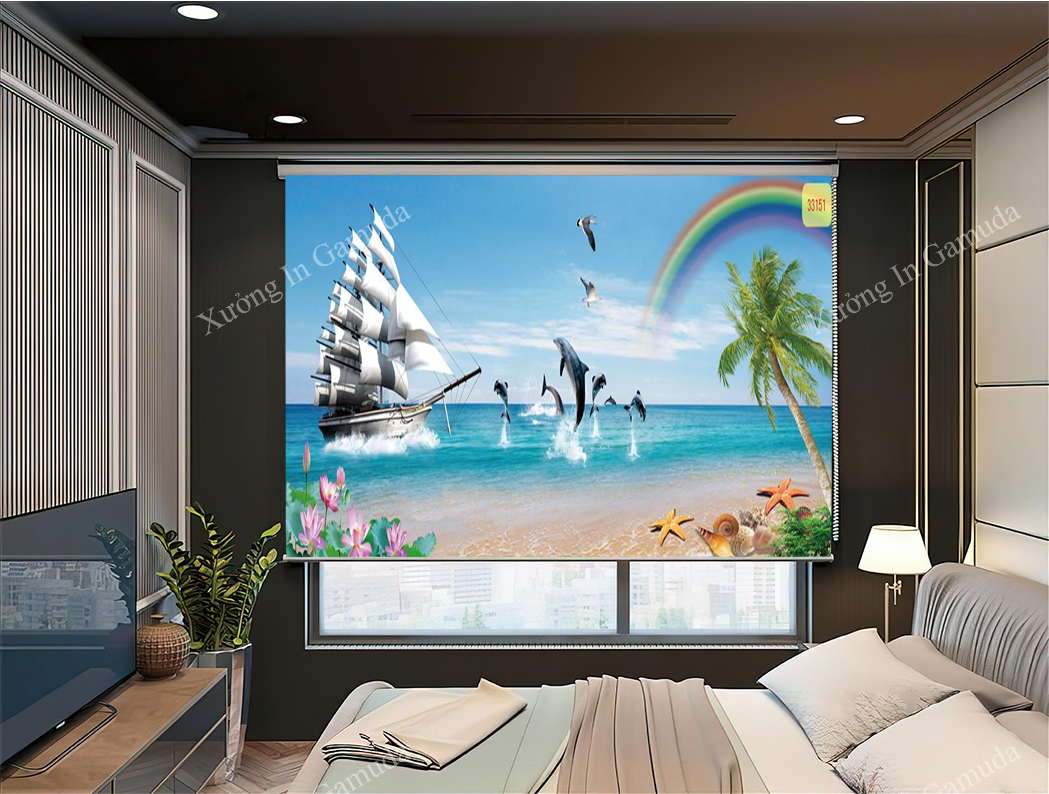 Rèm Cuốn Tranh 3D In Họa Tiết Thuyền Ra Khơi Cùng Cá Heo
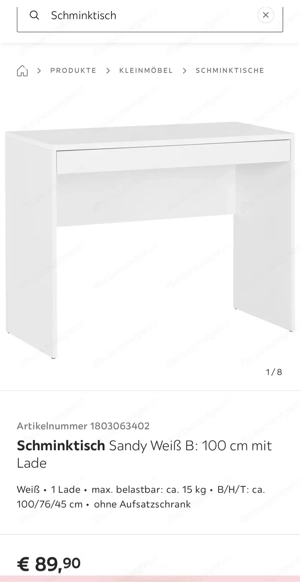 Schminktisch + Stuhl + Spiegel Bild 3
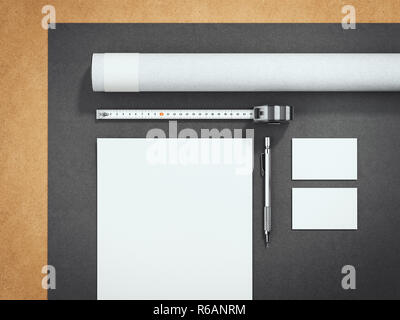 Grigio business architettonico mockup. Il rendering 3D Foto Stock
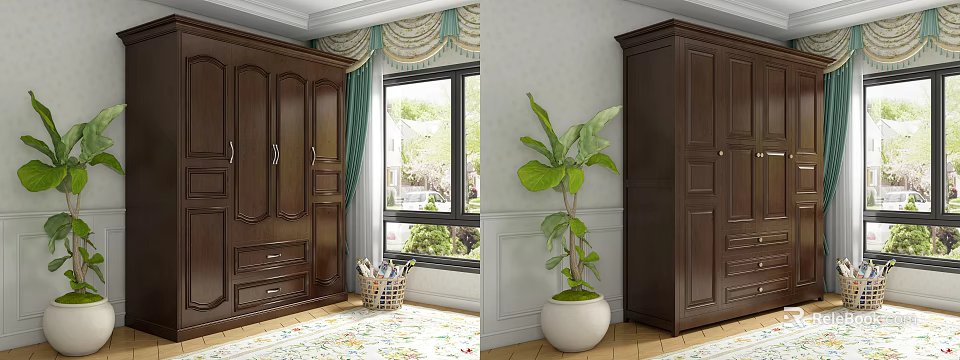 Dark Brown Wooden Wardrobe with Green Curtains Window Plant and White Planter 3d model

◆ Exercise brief
Reproduce every line of the data above, exactly as it stands, but not the pictures.

◆ Task solution
 Rèm Cuốn Tranh 3D In Họa Tiết Thuyền Ra Khơi Cùng Cá Heo
 Schminktisch + Stuhl + Spiegel Bild 3
 Grigio business architettonico mockup. Il rendering 3D Foto Stock
 Dark Brown Wooden Wardrobe with Green Curtains Window Plant and White Planter 3d model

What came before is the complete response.